Before my week long hiatus due to personal matters, I ran initial trials in middle position for the Conan Librarian TAG strategy and a version of the strategy where every hand was limped.
I collected considerable data, but intermittently during my week's personal trials, I thought of the process and eventually realized that a factor would create several more variables for middle position play: unlike Early Position, chances were likely that a player in middle position would face action in front. An Early Position player could elect to limp or raise knowing he was usually 1st in, and comparing the profitability of either play was simply a matter of simulating 100,000 trials of each starting hand for each play.
However, a middle position player could face being 1st in, or face one limper, or face several limpers, or face a raise in front, or a raise and one or more callers in front. Each of these situations creates separate sets of variables that affect the profitability of each hand differently, since players will limp certain hands, and raise certain hands, and call raises with certain hands. Obviously, if there's a raise and re-raise, the decision becomes far easier: you're facing a monster and shouldn't play unless you hold AA, KK, QQ or AK. But most action falls into the many former categories.
Therefore, you need to conduct several different forms of trials for each starting hand to get an accurate measure of the hand's profitability. You will need to factor in how a hand plays when raising limpers, when limping behind, when open raising, when open limping, and when calling raises. Add in the fact that more hands are playable from middle position than early position, and you have the making of a long, arduous set of trials, all to determine an optimal middle position starting hand strategy. Plus, all of these hands are played with a static solid postflop strategy that itself has yet to be experimented with. It's enough for an average man to go bald tearing his hair out with.

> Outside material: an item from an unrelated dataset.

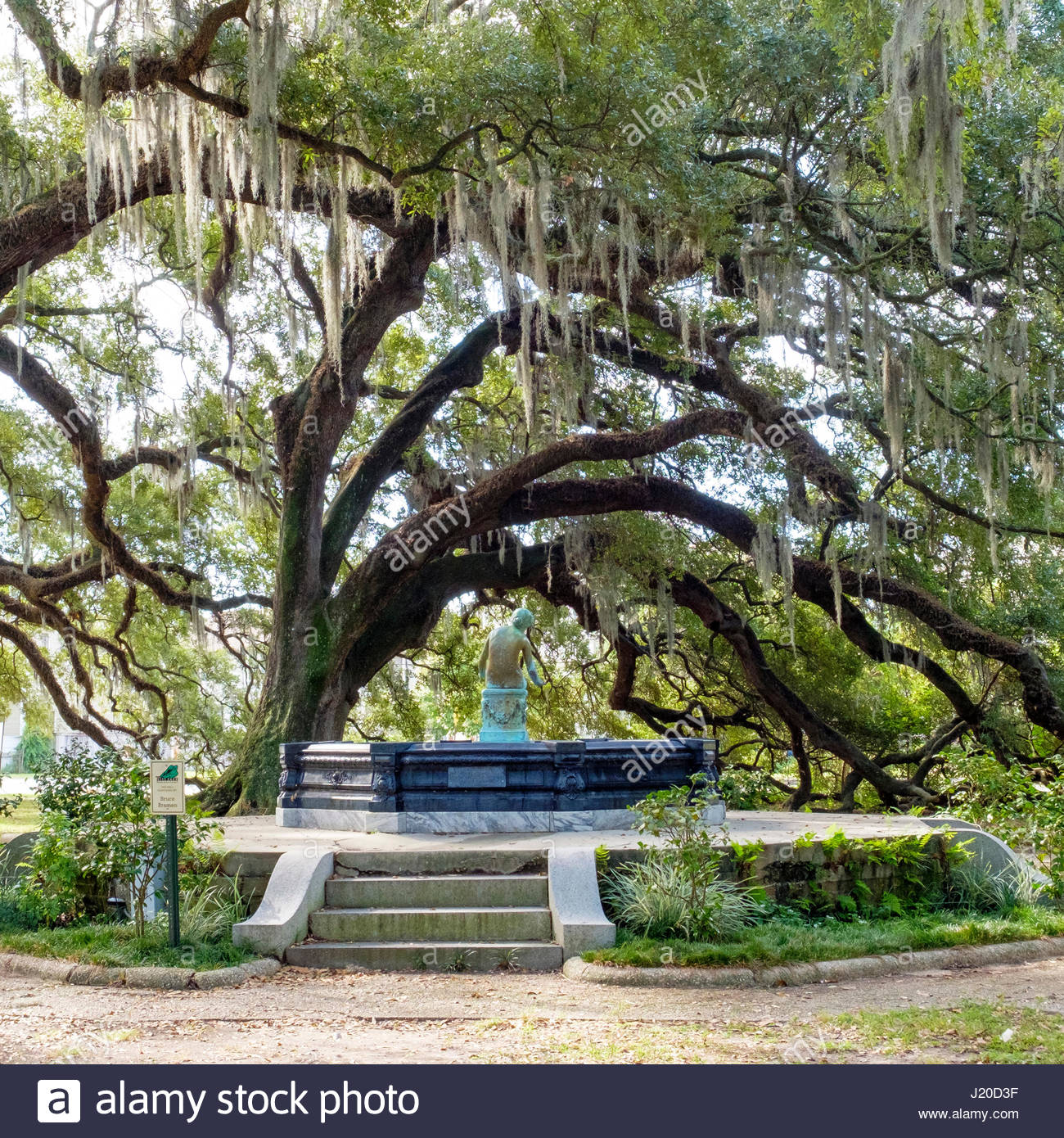 Live Oak Tree Branches High Resolution Stock Photography and Images - Alamy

But these answers aren't going to find themselves, and little in life worth doing is easy. Once an optimal strategy is devised, if you can comfortably profit from a 3/6 game considered by most to be too sub-optimal to play for profit (3-4 players to the flop), it will all be worth it.
The next step will be to determine the exact control parameters to set in the simulator for each trial, to best determine the profitability of each hand. I will outline this process once I devise suitable controls.